SVB fallout spreads around the world


FILE PHOTO: British Chancellor of the Exchequer Jeremy Hunt leaves his house in London, Britain, November 14, 2022. REUTERS/Toby Melville

LONDON: The fallout from the collapse of Silicon Valley Bank (SVB) is beginning to spread around the world.

Startup founders in California’s Bay Area are panicking about access to money and paying employees.

Fears of contagion have reached Canada, India and China.

In the UK, SVB’s unit is set to be declared insolvent, has already ceased trading and is no longer taking new customers.

Last Saturday, the leaders of roughly 180 tech companies sent a letter calling on UK chancellor Jeremy Hunt to intervene.

“The loss of deposits has the potential to cripple the sector and set the ecosystem back 20 years,” they said in the letter seen by Bloomberg.

“Many businesses will be sent into involuntary liquidation overnight.”

This is just the beginning.

SVB had branches in China, Denmark, Germany, India, Israel and Sweden.

Founders are warning that the bank’s failure could wipe out startups around the world without government intervention. SVB’s joint venture in China, SPD Silicon Valley Bank Co, was seeking to calm local clients overnight by reminding them that operations have been independent and stable.

“This crisis will start on Monday (today) and so we call on you to prevent it now,” UK startup founders and chief executive officers said in the letter to Hunt.
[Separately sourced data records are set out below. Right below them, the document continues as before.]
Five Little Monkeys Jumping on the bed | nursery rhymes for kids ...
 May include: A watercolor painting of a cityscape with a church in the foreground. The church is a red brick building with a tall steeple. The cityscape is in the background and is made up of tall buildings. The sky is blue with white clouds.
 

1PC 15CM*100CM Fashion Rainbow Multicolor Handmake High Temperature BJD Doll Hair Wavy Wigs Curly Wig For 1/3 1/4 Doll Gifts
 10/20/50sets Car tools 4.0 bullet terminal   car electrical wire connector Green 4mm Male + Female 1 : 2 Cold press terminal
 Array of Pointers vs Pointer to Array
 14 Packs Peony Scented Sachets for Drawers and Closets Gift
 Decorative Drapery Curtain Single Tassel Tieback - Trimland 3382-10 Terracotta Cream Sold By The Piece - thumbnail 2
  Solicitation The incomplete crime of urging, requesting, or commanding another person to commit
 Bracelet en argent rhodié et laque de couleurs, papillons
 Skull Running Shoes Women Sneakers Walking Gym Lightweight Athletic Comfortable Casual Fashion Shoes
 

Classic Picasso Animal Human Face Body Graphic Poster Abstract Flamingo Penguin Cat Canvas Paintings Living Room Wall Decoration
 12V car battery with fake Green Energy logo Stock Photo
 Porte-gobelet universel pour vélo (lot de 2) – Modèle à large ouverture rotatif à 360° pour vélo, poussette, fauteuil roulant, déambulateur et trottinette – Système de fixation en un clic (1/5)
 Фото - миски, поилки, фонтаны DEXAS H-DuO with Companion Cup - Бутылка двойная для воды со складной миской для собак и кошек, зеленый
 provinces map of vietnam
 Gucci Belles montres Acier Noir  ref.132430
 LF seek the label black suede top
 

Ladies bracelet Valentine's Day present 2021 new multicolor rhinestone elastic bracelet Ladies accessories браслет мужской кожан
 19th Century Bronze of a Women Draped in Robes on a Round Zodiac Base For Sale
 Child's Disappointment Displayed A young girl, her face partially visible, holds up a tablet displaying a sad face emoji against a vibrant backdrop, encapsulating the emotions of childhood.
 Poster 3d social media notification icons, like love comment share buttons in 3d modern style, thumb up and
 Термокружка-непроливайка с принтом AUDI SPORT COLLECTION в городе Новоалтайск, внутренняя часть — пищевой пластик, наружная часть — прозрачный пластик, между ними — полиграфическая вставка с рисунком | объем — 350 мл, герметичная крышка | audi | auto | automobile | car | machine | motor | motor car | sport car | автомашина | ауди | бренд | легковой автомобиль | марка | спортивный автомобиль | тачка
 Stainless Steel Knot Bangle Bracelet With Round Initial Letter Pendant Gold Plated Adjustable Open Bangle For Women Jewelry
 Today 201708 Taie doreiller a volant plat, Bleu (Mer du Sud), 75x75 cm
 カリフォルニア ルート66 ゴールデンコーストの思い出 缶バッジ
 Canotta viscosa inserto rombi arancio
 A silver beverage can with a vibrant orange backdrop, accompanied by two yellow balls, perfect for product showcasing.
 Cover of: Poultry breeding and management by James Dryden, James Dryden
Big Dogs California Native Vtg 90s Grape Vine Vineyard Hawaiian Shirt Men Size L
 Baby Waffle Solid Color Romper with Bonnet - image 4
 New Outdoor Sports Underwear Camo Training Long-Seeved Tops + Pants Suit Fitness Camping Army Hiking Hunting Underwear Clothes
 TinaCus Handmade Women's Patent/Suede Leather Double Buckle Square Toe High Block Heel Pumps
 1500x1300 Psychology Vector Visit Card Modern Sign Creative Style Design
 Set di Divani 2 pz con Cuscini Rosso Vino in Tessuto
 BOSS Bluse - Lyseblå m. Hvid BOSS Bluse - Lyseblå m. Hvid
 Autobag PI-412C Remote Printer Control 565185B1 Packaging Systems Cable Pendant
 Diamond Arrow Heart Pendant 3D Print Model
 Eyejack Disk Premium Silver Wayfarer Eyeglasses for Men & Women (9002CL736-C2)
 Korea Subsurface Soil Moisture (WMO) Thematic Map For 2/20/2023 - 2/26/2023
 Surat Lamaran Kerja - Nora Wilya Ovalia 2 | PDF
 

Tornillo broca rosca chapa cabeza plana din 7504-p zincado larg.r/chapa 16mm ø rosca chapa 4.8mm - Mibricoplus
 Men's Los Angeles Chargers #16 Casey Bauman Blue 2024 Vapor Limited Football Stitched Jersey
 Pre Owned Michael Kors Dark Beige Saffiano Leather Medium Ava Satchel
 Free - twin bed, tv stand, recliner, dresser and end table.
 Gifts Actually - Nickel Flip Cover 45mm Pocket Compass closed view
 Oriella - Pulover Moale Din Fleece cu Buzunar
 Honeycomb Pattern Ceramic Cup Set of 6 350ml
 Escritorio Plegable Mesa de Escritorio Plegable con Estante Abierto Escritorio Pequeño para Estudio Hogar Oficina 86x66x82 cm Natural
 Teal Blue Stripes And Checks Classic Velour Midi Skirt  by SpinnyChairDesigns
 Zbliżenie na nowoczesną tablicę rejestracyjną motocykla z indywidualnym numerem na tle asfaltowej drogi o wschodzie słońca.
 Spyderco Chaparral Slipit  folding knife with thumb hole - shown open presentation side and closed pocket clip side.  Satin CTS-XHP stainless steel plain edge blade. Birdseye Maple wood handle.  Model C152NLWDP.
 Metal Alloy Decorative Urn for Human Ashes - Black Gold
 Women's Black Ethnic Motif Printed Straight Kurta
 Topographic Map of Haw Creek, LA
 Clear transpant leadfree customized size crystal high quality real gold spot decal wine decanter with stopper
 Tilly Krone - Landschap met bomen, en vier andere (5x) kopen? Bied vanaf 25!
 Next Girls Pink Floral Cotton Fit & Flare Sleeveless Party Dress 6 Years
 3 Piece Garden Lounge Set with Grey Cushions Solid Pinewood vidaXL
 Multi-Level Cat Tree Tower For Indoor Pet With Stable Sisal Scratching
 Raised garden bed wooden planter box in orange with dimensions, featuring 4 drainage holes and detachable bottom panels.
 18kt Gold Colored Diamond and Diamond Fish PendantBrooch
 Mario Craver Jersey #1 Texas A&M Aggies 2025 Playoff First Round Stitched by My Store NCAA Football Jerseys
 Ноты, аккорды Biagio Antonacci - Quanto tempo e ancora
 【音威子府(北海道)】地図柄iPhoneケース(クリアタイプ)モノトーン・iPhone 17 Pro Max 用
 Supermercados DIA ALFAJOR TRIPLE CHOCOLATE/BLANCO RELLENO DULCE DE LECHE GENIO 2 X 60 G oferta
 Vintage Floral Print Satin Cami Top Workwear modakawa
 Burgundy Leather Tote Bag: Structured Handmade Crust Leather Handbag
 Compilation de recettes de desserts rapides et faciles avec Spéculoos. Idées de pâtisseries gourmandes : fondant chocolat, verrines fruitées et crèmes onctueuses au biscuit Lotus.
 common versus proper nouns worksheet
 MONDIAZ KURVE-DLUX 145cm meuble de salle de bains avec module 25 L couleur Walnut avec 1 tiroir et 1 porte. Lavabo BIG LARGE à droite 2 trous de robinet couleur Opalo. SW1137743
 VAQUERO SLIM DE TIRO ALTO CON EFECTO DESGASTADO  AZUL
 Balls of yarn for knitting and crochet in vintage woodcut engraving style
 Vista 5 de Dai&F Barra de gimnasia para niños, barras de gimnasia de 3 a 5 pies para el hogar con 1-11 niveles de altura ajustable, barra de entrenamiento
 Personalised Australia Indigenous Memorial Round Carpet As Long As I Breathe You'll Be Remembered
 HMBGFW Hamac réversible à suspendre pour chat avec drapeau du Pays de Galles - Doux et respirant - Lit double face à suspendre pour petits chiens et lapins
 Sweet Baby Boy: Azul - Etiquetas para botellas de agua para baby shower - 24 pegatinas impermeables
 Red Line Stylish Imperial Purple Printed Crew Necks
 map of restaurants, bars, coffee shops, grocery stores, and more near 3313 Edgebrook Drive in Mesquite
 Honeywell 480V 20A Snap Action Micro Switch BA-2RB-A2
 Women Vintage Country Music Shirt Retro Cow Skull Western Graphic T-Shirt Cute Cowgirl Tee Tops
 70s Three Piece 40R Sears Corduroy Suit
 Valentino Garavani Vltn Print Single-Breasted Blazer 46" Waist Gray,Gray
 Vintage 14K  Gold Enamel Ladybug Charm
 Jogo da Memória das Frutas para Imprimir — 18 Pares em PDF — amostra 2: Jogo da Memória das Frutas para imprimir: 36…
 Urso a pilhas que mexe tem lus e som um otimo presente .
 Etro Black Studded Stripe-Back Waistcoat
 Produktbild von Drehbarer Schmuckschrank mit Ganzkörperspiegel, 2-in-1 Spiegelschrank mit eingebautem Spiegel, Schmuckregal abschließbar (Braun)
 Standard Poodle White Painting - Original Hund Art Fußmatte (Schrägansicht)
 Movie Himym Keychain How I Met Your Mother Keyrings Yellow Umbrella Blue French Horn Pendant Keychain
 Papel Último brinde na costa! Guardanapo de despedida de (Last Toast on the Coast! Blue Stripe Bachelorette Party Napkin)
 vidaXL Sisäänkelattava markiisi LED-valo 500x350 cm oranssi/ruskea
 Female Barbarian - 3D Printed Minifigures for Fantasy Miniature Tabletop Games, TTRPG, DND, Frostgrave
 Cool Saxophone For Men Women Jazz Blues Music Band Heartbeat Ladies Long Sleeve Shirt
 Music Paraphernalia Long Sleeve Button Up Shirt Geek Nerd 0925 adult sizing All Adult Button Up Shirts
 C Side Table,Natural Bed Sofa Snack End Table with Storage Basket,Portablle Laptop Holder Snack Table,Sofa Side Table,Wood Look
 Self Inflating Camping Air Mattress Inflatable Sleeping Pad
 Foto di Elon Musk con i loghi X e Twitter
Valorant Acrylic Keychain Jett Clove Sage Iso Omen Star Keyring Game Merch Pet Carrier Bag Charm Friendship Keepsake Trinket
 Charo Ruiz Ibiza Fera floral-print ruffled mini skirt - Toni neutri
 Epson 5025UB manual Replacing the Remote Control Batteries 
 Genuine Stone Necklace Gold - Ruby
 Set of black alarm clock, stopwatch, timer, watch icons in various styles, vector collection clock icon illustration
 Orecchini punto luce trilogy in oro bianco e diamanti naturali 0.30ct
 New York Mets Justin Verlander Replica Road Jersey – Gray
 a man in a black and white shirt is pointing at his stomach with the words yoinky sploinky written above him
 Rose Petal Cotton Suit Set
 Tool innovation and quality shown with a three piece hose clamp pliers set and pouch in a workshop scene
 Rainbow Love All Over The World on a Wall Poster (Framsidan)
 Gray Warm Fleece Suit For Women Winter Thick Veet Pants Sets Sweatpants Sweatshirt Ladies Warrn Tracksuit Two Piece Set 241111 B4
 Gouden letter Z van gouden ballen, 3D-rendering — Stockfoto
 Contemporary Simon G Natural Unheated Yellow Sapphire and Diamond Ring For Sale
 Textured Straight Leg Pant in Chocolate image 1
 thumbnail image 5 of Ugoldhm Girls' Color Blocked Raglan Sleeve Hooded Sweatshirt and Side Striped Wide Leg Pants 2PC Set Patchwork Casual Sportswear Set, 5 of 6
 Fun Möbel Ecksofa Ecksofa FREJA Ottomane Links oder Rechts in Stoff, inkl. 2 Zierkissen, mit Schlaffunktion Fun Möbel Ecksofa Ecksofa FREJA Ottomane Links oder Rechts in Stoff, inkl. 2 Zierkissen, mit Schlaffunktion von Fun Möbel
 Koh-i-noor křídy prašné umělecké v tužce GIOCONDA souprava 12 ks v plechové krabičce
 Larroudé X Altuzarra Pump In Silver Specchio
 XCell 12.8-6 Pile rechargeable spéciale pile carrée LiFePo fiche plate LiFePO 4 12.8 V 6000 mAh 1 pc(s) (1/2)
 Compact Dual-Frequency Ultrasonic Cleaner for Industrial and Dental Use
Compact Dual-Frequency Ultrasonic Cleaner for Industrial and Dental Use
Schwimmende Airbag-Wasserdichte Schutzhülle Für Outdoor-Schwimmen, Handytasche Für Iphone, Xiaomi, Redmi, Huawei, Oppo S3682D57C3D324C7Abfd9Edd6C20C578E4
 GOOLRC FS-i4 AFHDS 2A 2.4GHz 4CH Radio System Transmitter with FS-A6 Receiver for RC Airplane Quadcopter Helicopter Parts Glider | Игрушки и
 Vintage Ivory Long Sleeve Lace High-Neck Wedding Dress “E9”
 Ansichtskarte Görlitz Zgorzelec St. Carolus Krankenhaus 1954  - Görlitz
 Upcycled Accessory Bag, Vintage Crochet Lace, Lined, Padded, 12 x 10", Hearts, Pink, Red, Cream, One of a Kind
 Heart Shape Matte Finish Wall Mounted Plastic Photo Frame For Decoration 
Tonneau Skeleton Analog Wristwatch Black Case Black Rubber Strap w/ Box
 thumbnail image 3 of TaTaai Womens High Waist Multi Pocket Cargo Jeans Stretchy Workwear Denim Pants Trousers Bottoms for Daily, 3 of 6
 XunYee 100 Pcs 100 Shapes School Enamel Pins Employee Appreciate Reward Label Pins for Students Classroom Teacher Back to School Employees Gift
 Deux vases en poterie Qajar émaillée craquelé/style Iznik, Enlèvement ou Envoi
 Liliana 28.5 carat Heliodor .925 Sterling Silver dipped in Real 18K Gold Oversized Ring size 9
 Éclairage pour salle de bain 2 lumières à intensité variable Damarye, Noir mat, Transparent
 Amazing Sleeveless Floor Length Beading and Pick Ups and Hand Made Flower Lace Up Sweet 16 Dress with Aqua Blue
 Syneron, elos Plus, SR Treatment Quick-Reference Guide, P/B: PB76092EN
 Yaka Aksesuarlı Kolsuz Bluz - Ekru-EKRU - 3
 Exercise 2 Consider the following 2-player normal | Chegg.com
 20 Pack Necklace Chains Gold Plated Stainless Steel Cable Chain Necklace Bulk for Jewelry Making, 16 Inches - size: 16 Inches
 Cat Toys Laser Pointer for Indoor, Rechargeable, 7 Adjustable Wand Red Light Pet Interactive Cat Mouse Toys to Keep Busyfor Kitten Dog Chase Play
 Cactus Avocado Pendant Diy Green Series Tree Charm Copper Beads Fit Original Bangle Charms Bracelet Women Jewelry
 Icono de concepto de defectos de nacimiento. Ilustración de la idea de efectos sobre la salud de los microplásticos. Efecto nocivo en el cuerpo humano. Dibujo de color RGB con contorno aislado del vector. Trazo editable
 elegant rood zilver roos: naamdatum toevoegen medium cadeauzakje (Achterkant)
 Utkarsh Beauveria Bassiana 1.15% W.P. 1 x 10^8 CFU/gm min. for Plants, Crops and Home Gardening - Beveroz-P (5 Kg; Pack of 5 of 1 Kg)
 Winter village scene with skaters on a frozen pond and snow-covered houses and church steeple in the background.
The companies listed in the letter include Uncapped, Apian, Pockit and Pivotal Earth.

Hunt spoke with the governor of the Bank of England about the situation on Saturday morning, and the economic secretary to the Treasury was holding a roundtable with affected firms later in the day, the Treasury said.

Underscoring the challenge governments face in getting a handle of the full extent of the fallout: The UK Treasury has begun canvassing startups, asking how much they have on deposit, their approximate cash burn and their access to banking facilities at SVB and beyond, sources said.

Treasury declined to comment on the survey.

Founders were anxiously awaiting the outcome of the roundtable and any information about how their deposits at the bank would be handled.

Toby Mather, CEO of UK-based education software startup Lingumi, has 85% of his company’s cash in SVB.

He tried to transfer some of his accounts, but as of last Saturday, he wasn’t sure whether that worked.

“This is life or death for us,” he said.